▶ Assigned task
Reproduce all lines of the listing below in which the word "International" occurs.

▶ Data

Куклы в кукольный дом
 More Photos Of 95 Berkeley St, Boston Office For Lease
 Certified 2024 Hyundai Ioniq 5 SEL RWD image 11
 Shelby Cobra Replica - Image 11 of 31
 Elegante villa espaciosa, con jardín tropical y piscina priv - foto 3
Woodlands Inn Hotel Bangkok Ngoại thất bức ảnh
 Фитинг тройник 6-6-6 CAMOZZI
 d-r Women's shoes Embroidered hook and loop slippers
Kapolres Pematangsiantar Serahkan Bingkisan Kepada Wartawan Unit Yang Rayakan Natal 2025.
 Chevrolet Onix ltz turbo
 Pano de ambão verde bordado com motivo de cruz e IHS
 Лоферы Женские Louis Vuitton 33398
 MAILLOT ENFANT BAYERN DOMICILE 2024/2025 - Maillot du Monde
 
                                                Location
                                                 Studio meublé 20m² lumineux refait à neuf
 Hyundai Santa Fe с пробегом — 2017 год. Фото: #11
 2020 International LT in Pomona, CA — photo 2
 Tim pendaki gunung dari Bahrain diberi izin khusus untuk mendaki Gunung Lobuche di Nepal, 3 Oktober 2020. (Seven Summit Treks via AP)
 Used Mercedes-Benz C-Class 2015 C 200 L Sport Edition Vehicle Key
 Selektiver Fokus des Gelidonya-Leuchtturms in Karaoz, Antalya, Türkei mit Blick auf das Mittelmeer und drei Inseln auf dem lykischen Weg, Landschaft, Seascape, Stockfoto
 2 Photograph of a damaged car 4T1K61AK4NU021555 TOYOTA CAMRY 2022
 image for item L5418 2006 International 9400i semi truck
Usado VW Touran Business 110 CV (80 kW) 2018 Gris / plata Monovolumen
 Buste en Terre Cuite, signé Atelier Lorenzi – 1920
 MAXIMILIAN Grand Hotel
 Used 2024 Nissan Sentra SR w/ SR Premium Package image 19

▶ Solution
 2020 International LT in Pomona, CA — photo 2
 image for item L5418 2006 International 9400i semi truck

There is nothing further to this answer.